05 mar, 2025
A mais recente capa da «The Economist» apresenta uma fotomontagem de Donald Trump, com o boné MAGA, seguido de outros homens de negro - Vladimir Putin, Salman Al-Saud (o sheik saudita), Xi Jinping, Recep Erdogan e Benjamin Netanyahu - com o título «The Don’s New World Order». Essa nova ordem, na verdade um abominável mundo novo, segundo o articulista, será feita de “Don Corleones” que entre si querem mandar no mundo, com o mesmo realismo impiedoso com que as famílias mafiosas fazem negócios e dividem territórios entre si. Será “a might-is-right world in which big powers cut deals and bully small ones”.

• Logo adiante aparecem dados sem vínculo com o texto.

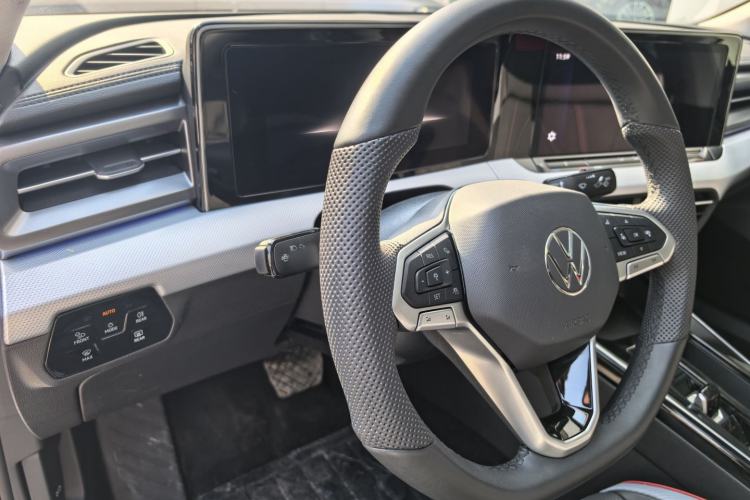 Used Volkswagen Lamando 2025 Lavida L 280TSI DSG Cool & Spicy Edition Interior 10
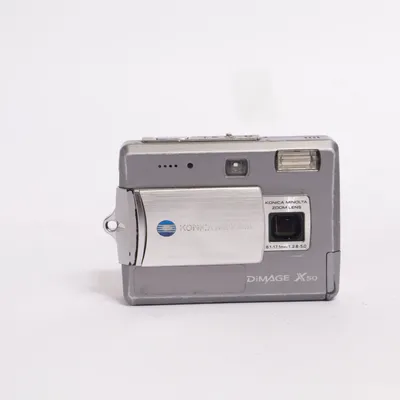 Compactcamera (Dimage X50) van Konica Minolta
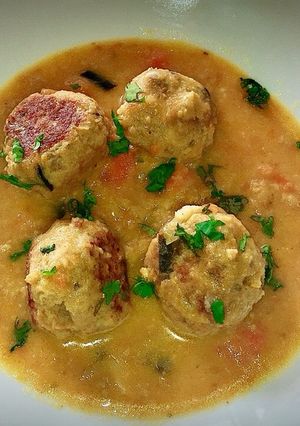 Foto principal de Albóndigas de Soja y berenjena con caldo al queso cremoso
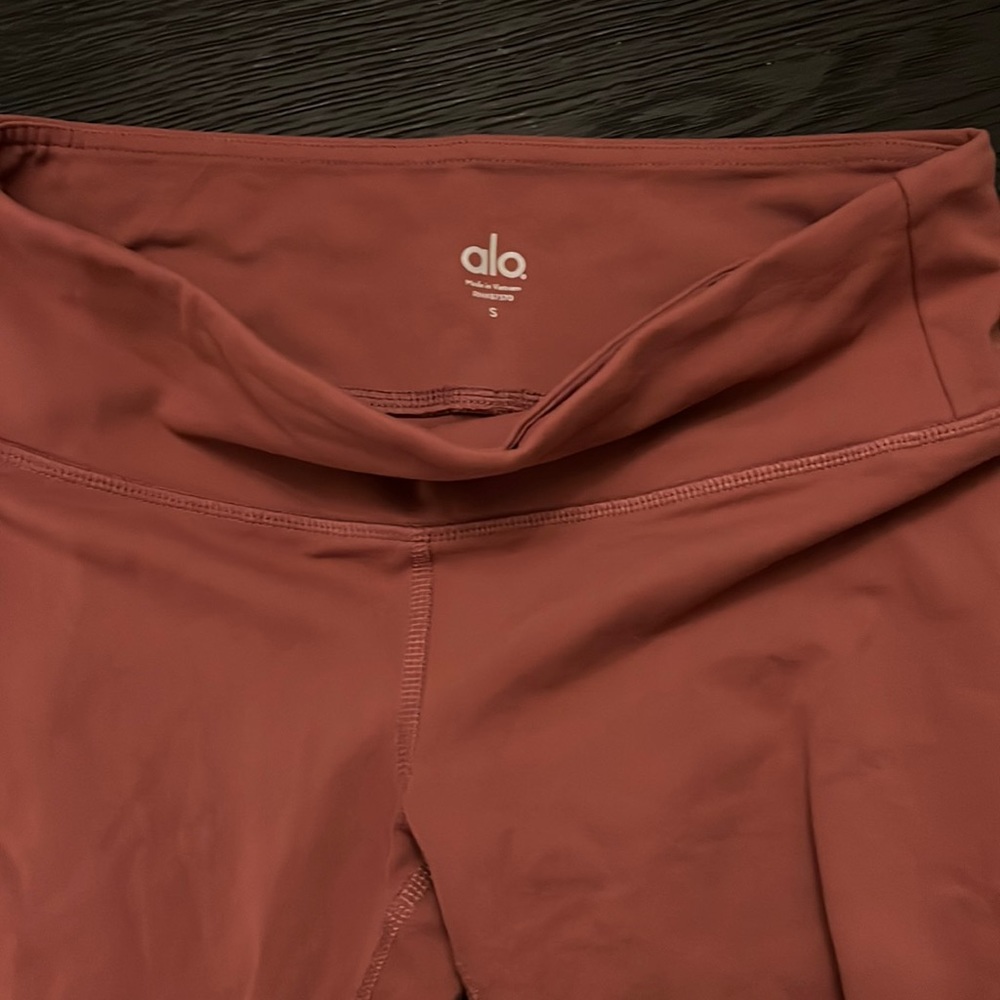 ALO leggings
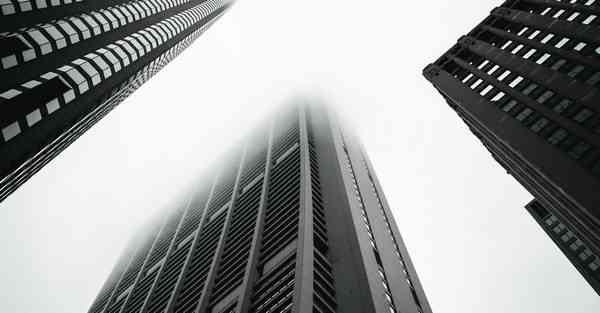 智能仓储机器人价格，智能仓储机器人价格高吗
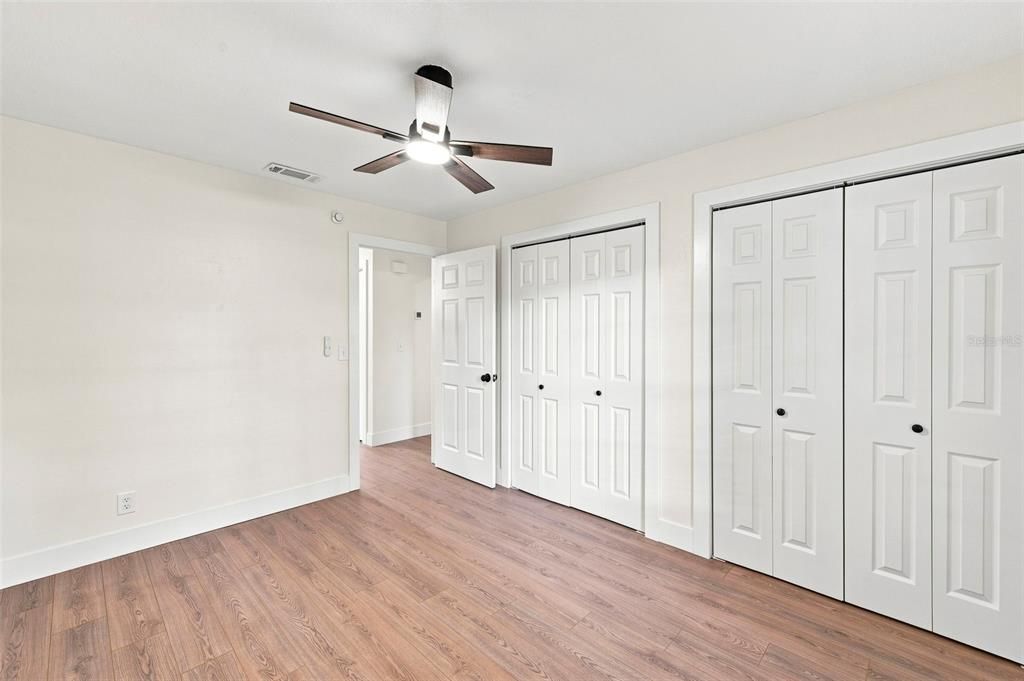 For Sale: $499,000 (3 beds, 2 baths, 1459 Square Feet)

A julgar por aquilo a que o mundo assistiu na passada sexta-feira, a revista britânica acertou no diagnóstico. A deriva caudilhista e isolacionista da nova (velha) administração Trump já era conhecida. Ainda assim, em nome de décadas de comprometimento norte-americano com a ordem internacional ocidental, erguida como antídoto contra guerras e ditaduras depois de 1945, acreditava-se que Washington não desertaria desse (deste nosso) lado do mundo, na maneira de ver o mundo e de perceber quem devem ser os seus aliados e os seus inimigos. Os acontecimentos mais recentes desenganaram-nos. Para Donald Trump, a Europa anda a “lixar” (sic) os Estados Unidos há muito tempo e o “estúpido” (sic) Joe Biden não o percebeu. Há uma semana, nos encontros com Macron e Starmer, o presidente dos EUA ainda manteve o verniz. Não com Zelensky - e daí a emboscada na Sala Oval ao presidente ucraniano.

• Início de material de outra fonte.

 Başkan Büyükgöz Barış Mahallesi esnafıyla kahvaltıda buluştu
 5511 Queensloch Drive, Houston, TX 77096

Trump é um homem de negócios com tiques egotistas, sem a subtileza de um diplomata e ainda menos a grandeza de dever ser o líder do mundo livre. A guerra na Ucrânia é um conflito onde ele acha que já se gastou demasiado tempo e dinheiro (americano). E o preço para não a deixar cair estava estipulado - o acesso americano às riquezas do subsolo ucraniano, em troca do apoio a uma paz que salvaria uma Ucrânia desprovida das quatro províncias que a ditadura imperialista de Putin já recortou para si. Ou seja: Trump chamaria a si o papel de mediador do conflito, ganharia recursos para a guerra económica com a China e contentaria Putin o suficiente para se entender com ele, atraindo-o para fora da órbita de Pequim. Alguma coisa deve ter corrido mal, porque Zelensky não assinou o acordo. E na Sala Oval, diante do mundo, Trump e Vance decidiram tratar Zelensky como um irritante empecilho que impede a paz no mundo pela sua “teimosia” em liderar um povo que não quer vergar-se a um invasor!

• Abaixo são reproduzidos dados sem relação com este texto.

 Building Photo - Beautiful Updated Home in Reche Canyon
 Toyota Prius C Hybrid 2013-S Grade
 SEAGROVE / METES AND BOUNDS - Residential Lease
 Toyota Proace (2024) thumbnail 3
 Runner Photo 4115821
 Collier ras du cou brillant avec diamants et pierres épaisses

A cena foi confrangedora e nunca vista. Jamais um presidente dos EUA, na solenidade da Sala Oval ou noutro local qualquer, tratou daquela forma quem luta pela liberdade. Diz-se que as más ações ficam com quem as comete. Mas o problema da retórica rufia de Trump e dos seus cães-de-fila é o que ela revela, a saber, que a agenda MAGA não escrupulizará trair velhos aliados e as próprias regras da convivência diplomática e dos grandes alinhamentos globais que tínhamos por adquiridas desde 1945. O inimaginável está aí: os EUA ao lado, em negociações ou em tensão vigilante com a Rússia, a Coreia do Norte ou a China, dispostos a deixar cair a Ucrânia e indiferentes à própria Europa. Os analistas hesitam se esta pode, ou deve, reconciliar-se com Trump. Seja como for, e a cimeira de Londres do passado fim de semana foi um bom sinal, o velho mundo tem de compreender definitivamente que já não vive no pós-1945. A proteção solidária dos EUA acabou - embora Trump e Musk não percebam que abandonar a NATO ou a ONU só tornará os EUA mais fracos, e por isso mais pobres. E sob a liderança do nuclear franco-britânico, o velho mundo terá de se fazer à vida. Por ora (para sempre?), o euro-americanismo transatlântico passou à história.